For the cost of a meal plan, there should be more choices, and those choices should be better. I get that Duquesne is a Catholic school, but it would be nice to have some kosher or halāl options for students that attend for reasons other than religious affiliation. No student should have to go hungry because they’re out of FLEX, tight on cash or at the mercy of an absurdly hectic schedule, let alone because there literally isn’t anything for them to eat. Not everyone has the time to go to Towers and have a sit-down meal, and with the dining hall closing at 7:30 p.m., students with night classes or evening jobs might find dinner plans hard to come by.

Duquesne could start by expanding what’s included in a meal swipe. Try allowing items up to a certain value to be swiped for rather than dictating what does and does not qualify as “meal-swipable.” That way, if a student just wants a Clif Bar and a coffee or a frozen dinner and a soda they can get that instead of settling for a sandwich, chips and half-rotten fruit. Keep Hogan open later, too.

Down the street, Pitt not only has extensive options for celiac, gluten-free, kosher, vegan and other non-traditional diets, but its main dining hall is open until 1 a.m. most nights, 2 a.m. on Thursday, 10 p.m. Friday and Saturday and 12 a.m. on Sunday.

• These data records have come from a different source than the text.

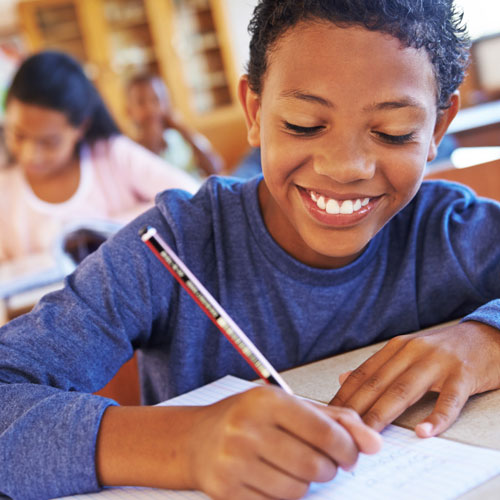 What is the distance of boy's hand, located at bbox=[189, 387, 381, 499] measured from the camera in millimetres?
503

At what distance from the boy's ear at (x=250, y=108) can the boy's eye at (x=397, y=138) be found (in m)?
0.20

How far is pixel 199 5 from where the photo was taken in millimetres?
6273

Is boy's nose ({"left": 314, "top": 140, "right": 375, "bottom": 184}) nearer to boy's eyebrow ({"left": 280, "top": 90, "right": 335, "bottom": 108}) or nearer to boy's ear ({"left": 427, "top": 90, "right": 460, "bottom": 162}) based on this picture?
boy's eyebrow ({"left": 280, "top": 90, "right": 335, "bottom": 108})

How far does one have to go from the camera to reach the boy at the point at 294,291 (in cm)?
55

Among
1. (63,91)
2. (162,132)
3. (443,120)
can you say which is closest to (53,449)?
(443,120)

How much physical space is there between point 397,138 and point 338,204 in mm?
113

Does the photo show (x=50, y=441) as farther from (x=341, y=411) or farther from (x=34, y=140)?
(x=34, y=140)

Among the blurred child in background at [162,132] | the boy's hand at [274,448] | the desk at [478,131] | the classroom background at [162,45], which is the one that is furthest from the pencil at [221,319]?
the classroom background at [162,45]

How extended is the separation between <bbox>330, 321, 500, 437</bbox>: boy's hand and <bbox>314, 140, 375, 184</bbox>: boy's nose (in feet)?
0.62

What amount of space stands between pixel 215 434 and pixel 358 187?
0.38m

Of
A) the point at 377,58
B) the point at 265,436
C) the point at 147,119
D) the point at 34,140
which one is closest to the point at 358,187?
the point at 377,58

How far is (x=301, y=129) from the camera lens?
774 millimetres

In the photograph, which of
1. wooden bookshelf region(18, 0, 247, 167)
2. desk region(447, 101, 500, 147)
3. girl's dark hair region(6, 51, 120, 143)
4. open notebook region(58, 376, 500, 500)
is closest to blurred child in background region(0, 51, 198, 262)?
girl's dark hair region(6, 51, 120, 143)

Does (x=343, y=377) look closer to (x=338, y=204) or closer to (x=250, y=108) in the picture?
(x=338, y=204) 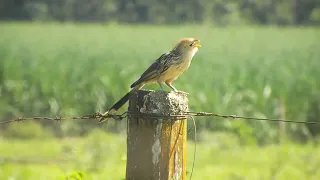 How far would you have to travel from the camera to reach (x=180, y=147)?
3979 millimetres

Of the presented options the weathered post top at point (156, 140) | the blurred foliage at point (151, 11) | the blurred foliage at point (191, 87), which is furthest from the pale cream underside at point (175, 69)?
the blurred foliage at point (151, 11)

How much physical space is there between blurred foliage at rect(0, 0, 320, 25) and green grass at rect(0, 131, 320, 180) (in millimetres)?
31711

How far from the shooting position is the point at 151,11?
45.4 m

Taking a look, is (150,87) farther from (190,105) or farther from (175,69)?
(175,69)

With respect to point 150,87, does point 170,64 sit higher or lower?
lower

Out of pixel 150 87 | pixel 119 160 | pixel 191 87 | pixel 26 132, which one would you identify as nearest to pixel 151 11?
pixel 191 87

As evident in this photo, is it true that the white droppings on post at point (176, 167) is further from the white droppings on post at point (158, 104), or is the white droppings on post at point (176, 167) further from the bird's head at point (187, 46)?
the bird's head at point (187, 46)

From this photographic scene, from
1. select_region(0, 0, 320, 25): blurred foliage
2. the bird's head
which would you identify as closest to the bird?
the bird's head

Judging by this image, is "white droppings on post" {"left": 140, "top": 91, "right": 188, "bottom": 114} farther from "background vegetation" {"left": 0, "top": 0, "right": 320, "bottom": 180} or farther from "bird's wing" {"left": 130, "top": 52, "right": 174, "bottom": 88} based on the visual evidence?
"background vegetation" {"left": 0, "top": 0, "right": 320, "bottom": 180}

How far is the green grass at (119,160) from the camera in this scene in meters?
9.93

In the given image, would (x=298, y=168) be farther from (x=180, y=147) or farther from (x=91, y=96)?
(x=91, y=96)

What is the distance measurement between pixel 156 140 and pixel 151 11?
41.8 meters

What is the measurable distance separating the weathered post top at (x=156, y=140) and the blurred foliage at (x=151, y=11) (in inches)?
1594

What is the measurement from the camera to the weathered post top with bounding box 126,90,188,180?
12.9ft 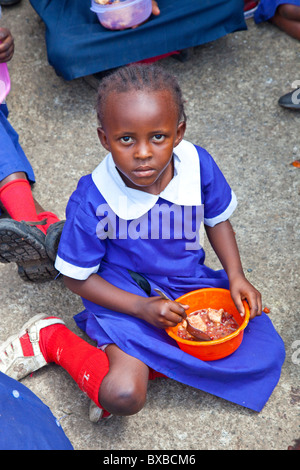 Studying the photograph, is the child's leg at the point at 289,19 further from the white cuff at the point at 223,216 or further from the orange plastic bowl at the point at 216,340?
the orange plastic bowl at the point at 216,340

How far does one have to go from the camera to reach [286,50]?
9.63ft

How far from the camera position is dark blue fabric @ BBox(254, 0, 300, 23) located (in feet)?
9.59

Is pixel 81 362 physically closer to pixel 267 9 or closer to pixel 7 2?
pixel 267 9

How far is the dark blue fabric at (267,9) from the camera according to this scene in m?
2.92

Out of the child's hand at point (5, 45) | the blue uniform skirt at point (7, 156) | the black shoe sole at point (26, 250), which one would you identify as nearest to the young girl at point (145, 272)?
the black shoe sole at point (26, 250)

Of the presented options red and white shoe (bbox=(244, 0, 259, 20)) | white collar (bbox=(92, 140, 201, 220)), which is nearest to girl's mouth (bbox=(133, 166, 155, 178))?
white collar (bbox=(92, 140, 201, 220))

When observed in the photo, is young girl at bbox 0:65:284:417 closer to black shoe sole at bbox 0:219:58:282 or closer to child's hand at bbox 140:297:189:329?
child's hand at bbox 140:297:189:329

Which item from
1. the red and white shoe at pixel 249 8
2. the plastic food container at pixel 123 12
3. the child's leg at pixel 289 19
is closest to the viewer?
the plastic food container at pixel 123 12

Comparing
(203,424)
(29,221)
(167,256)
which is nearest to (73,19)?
(29,221)

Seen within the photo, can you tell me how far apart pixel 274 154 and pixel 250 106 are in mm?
336

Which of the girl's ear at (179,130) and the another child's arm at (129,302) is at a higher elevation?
the girl's ear at (179,130)

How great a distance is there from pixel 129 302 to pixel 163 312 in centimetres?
14

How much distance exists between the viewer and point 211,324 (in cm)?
180

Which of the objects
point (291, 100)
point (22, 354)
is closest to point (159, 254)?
point (22, 354) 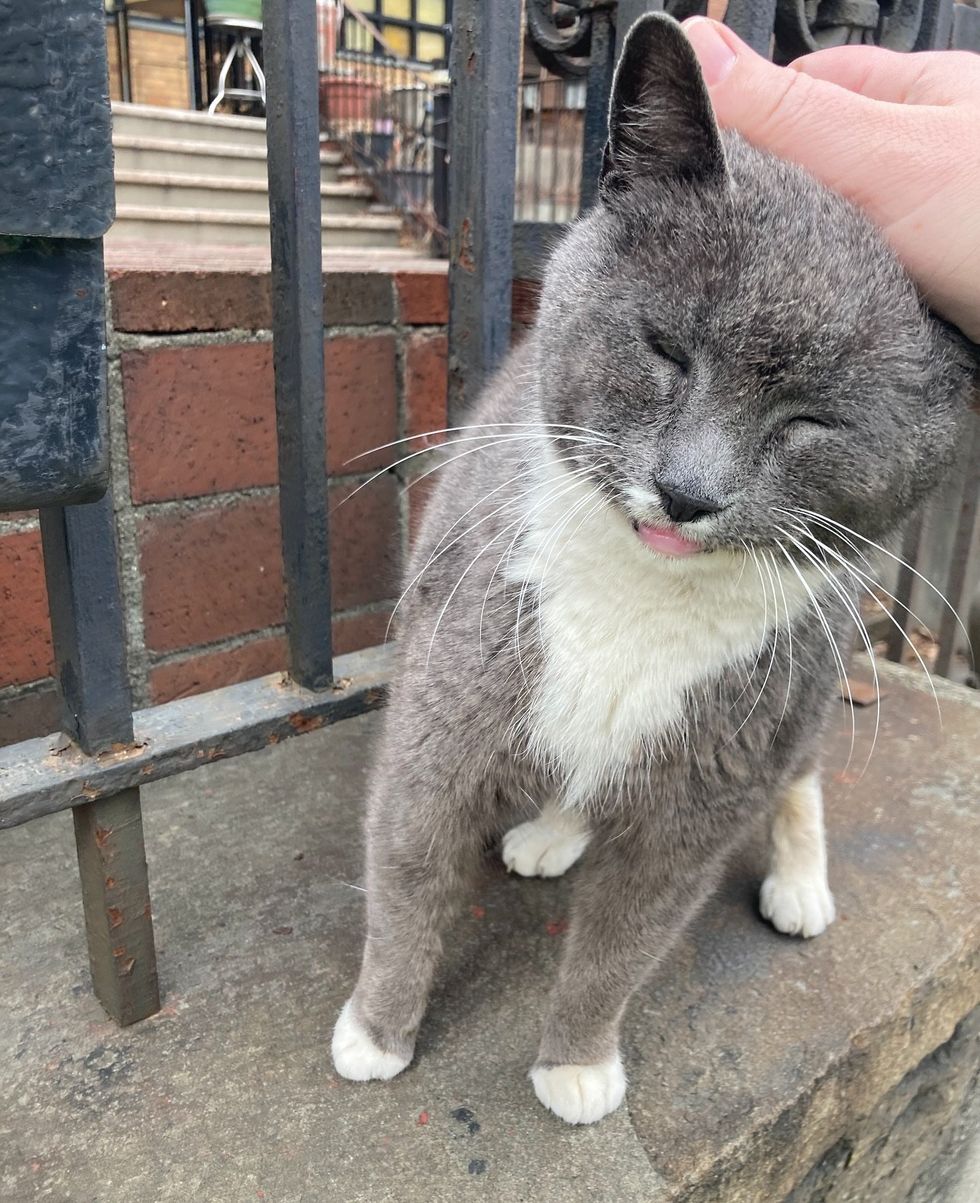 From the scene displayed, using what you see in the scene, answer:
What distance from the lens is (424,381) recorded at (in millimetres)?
1835

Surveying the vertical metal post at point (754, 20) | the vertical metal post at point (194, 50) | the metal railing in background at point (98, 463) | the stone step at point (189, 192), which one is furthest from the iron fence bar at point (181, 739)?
the vertical metal post at point (194, 50)

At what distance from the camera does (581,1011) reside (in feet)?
3.33

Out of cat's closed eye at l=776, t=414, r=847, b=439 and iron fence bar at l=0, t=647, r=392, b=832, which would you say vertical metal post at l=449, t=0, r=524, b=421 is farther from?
cat's closed eye at l=776, t=414, r=847, b=439

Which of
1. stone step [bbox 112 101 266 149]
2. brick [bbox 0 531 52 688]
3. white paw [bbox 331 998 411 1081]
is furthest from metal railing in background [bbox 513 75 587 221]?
white paw [bbox 331 998 411 1081]

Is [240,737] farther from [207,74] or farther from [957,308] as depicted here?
[207,74]

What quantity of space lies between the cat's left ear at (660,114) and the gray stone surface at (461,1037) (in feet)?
2.97

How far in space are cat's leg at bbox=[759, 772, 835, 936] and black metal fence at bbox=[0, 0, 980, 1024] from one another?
46cm

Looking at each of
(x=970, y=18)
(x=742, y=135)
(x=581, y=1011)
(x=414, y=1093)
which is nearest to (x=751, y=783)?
(x=581, y=1011)

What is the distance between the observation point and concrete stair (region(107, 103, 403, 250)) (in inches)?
142

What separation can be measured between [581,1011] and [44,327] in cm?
82

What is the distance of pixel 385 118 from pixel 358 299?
502 cm

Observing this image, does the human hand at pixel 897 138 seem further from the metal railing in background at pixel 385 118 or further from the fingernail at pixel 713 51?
the metal railing in background at pixel 385 118

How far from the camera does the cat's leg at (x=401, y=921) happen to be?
1008 millimetres

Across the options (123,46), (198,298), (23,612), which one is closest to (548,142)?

And, of course, allow meal swipes in Fisher Market! It really can’t be that hard to say, “Well, this thing is available for a meal swipe in Campus Market and Incline, let’s make it available here, too.”

Food accessibility is a complex problem with a simple solution: stop prioritizing revenue and convenience and start listening to what students need and want. Sure, kosher meats and fresh fruit are expensive, but it costs nearly $50,000 per year, per student, to attend Duquesne. There has to be money in the budget for better food, for paying additional staff to expand the hours of the dining halls and ensuring that no student has to throw away food they (over)paid for because it’s rotten, burned or otherwise inedible.